*Task details*: All of the data should be repeated exactly; pictures are not part of the copy.
The data Block Start
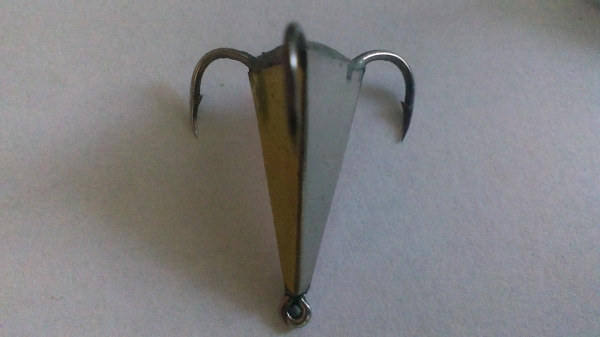 Пирамида трехцветная большая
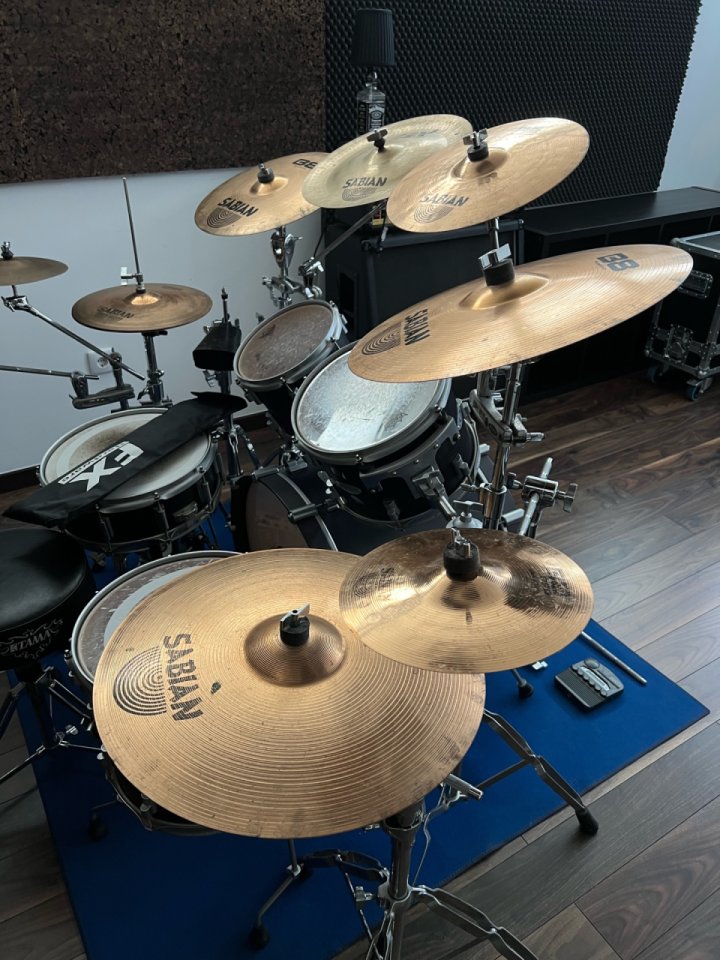 Drumcraft Series 8 Set completo + 9 platos Sabian + accesorios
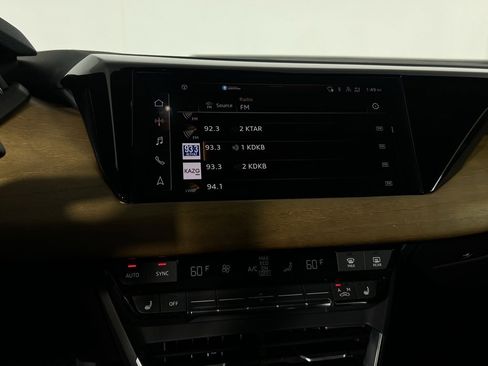 Used 2022 Audi e-tron GT Premium Plus image 17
The data Block End
*Solution*:
 Пирамида трехцветная большая
 Drumcraft Series 8 Set completo + 9 platos Sabian + accesorios
 Used 2022 Audi e-tron GT Premium Plus image 17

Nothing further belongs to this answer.